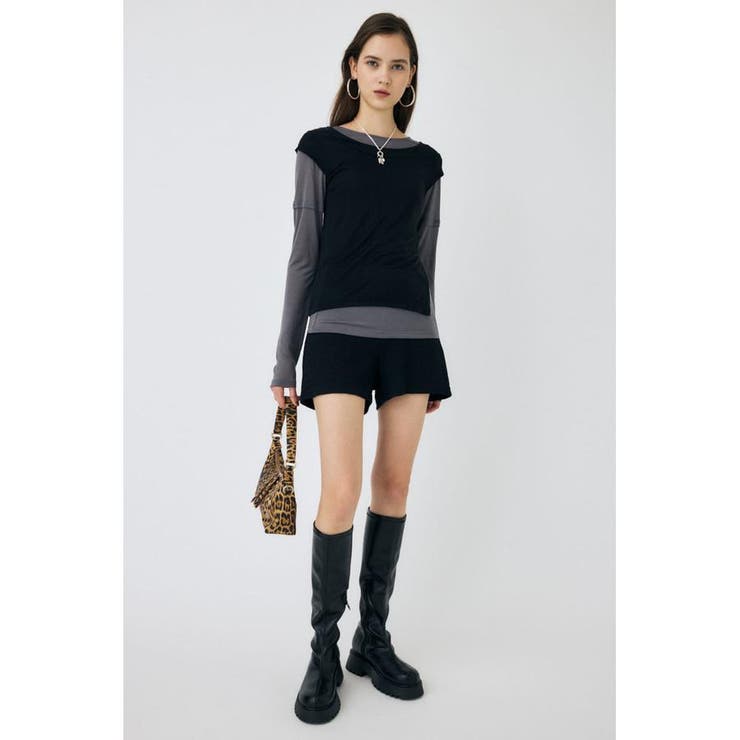 AIR EASE ロングブーツ | MOUSSY OUTLET | 詳細画像12 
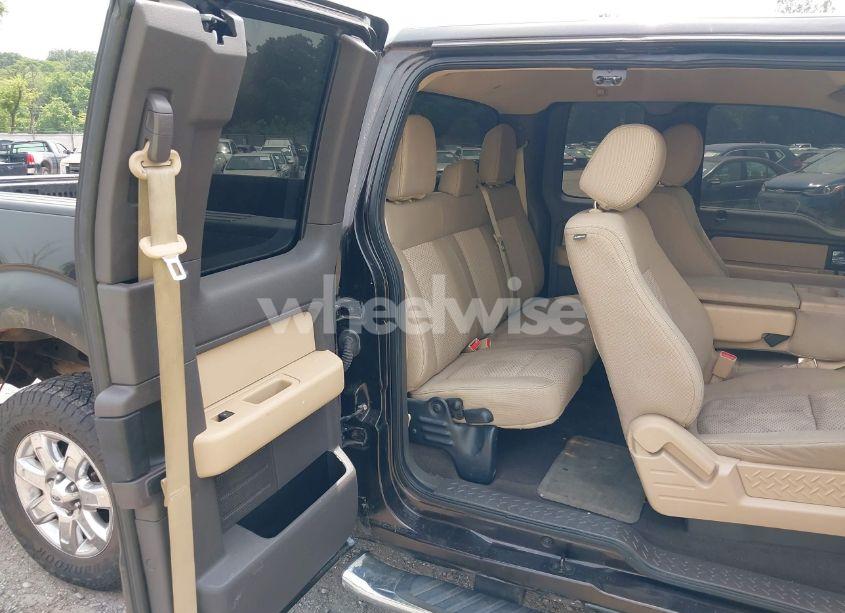 Photo 8 of 2013 Ford F-150 XLT (VIN 1FTFX1ET4DFB28193)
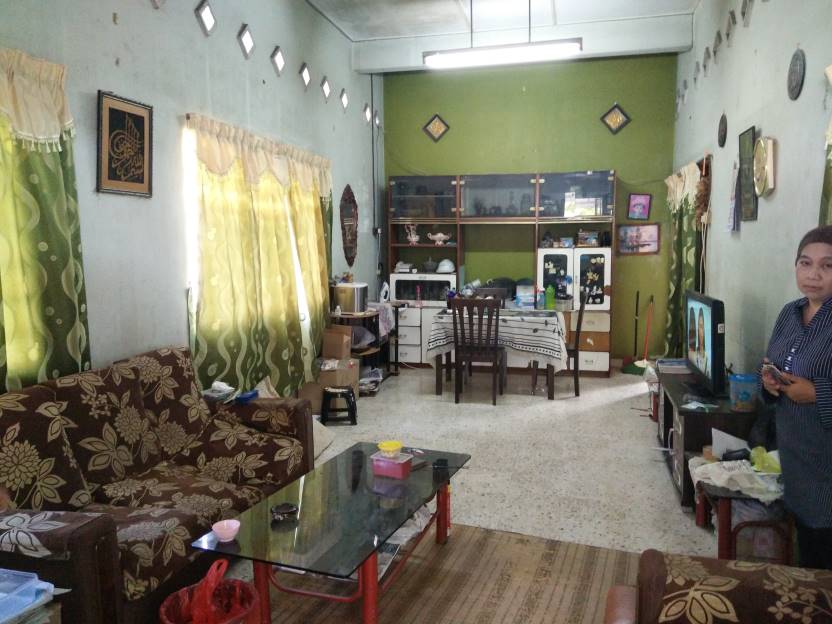 Single Storey End Lot, Eastern Garden Teluk Intan - photo 3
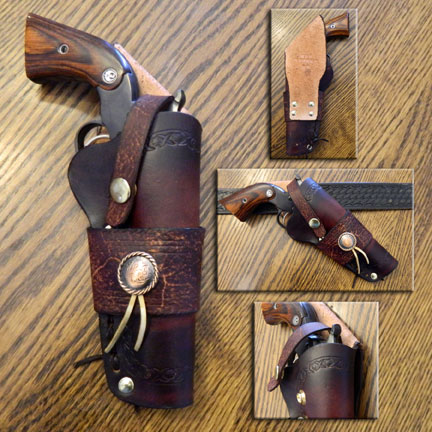 Select Old Gringo Holsters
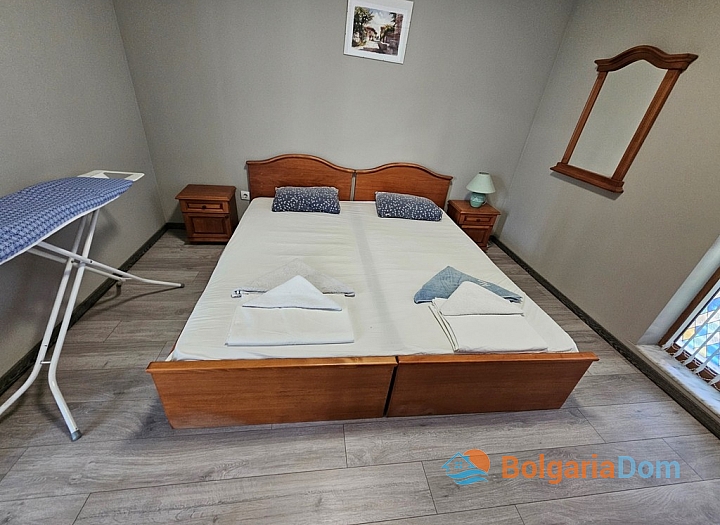 Möblierte Zweizimmerwohnung im Sun City 1-Komplex. Foto 5 Möblierte Zweizimmerwohnung im Sun City 1-Komplex. Foto 5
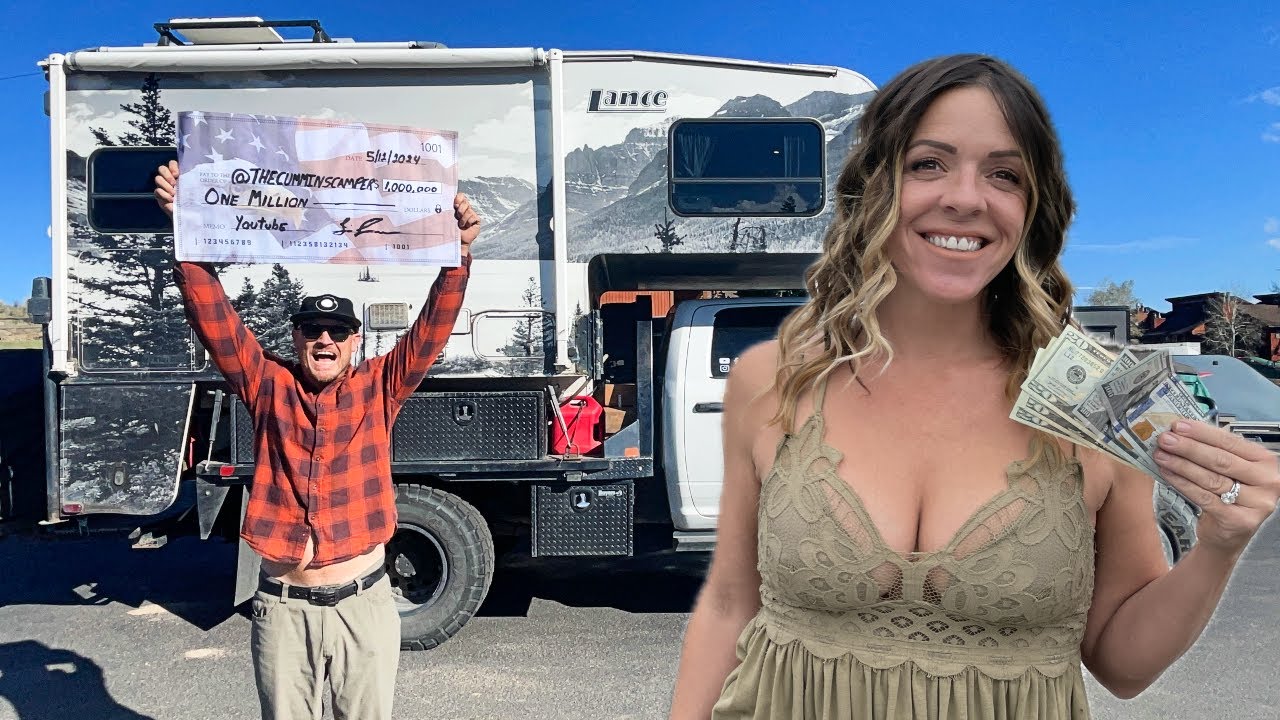 7 WAYS WE MAKE MONEY ON THE ROAD: 3 Years Full-time In Our DIY Earthroamer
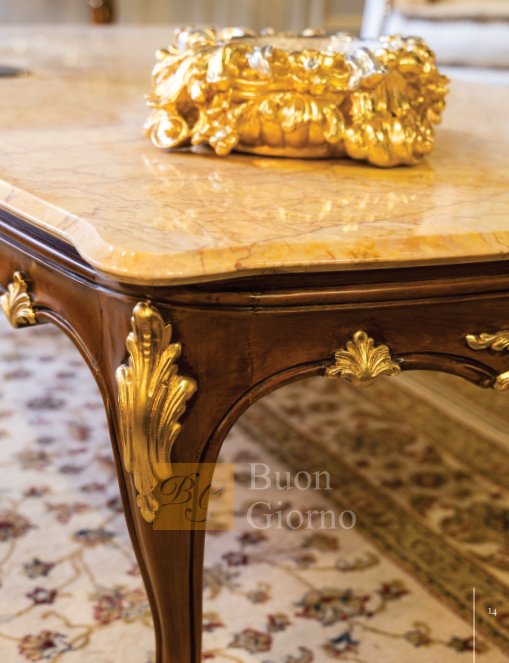 Журнальный столик Savoy фабрики Vimercati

::::::::::

TASK — Exact copy, no pictures: reproduce the whole listing above.

FINISHED EXERCISE —
 AIR EASE ロングブーツ | MOUSSY OUTLET | 詳細画像12 
 Photo 8 of 2013 Ford F-150 XLT (VIN 1FTFX1ET4DFB28193)
 Single Storey End Lot, Eastern Garden Teluk Intan - photo 3
 Select Old Gringo Holsters
 Möblierte Zweizimmerwohnung im Sun City 1-Komplex. Foto 5 Möblierte Zweizimmerwohnung im Sun City 1-Komplex. Foto 5
 7 WAYS WE MAKE MONEY ON THE ROAD: 3 Years Full-time In Our DIY Earthroamer
 Журнальный столик Savoy фабрики Vimercati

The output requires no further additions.